JDK-8145974 : XMLStreamWriter produces invalid XML for surrogate pairs on OutputStreamWriter
  • Type: Bug
  • Component: xml
  • Sub-Component: jaxp
  • Affected Version: 7u60,8u72
  • Priority: P3
  • Status: Resolved
  • Resolution: Fixed
  • OS: windows_7
  • CPU: x86_64
  • Submitted: 2015-10-01
  • Updated: 2021-10-31
  • Resolved: 2016-05-12
The Version table provides details related to the release that this issue/RFE will be addressed.

Unresolved : Release in which this issue/RFE will be addressed.
Resolved: Release in which this issue/RFE has been resolved.
Fixed : Release in which this issue/RFE has been fixed. The release containing this fix may be available for download as an Early Access Release or a General Availability Release.
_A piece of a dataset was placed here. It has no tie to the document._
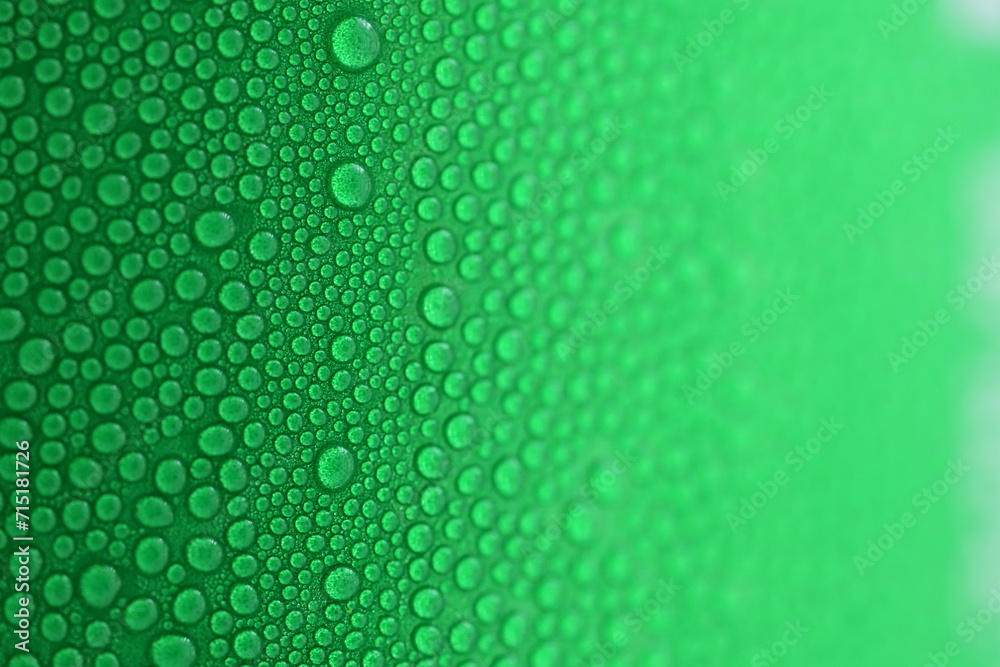 water drop on green beverage cans background, texture of cold aluminium drink package - obrazy, fototapety, plakaty 
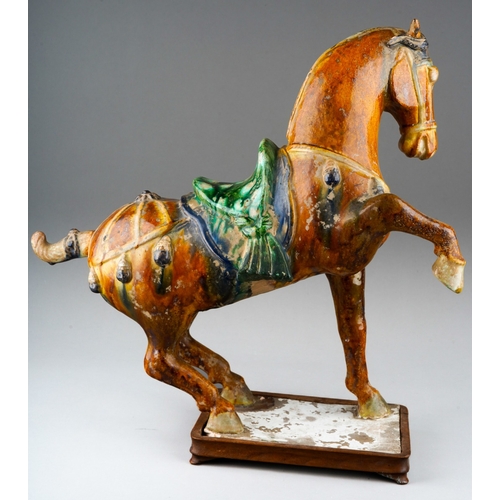 76 - A Tang Dynasty Chinese hollow pottery figure of a horse with one leg raised, the rectangular base wi...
To download the current JDK release, click here.
JDK 7 JDK 8 JDK 9
7u111Fixed 8u102Fixed 9 b119Fixed
Related Reports
Duplicate :  
Relates :  
Description
FULL PRODUCT VERSION :
1.7.0_65

ADDITIONAL OS VERSION INFORMATION :
Microsoft Windows [Version 6.1.7601]

A DESCRIPTION OF THE PROBLEM :
I have narrowed down a problem where our application produced XML which it could not parse back. The XML contained "character references", but the reference had an invalid value (there are valid ranges fro them in XML). It turned out that these character references are generated specifically for characters outside the BMP, i.e. are encoded using a surrogate pair. Further investigation revealed that this happens only when constructing the XMLStreamWriter with an OutputStreamWriter. The surrogates are encoded as valid UTF-8 multibytes sequences when usign a plain OutputStream. The error can however not be in the OutputStreamWriter, since the character references are specific to XML files of which the OutputStreamWriter knows nothing.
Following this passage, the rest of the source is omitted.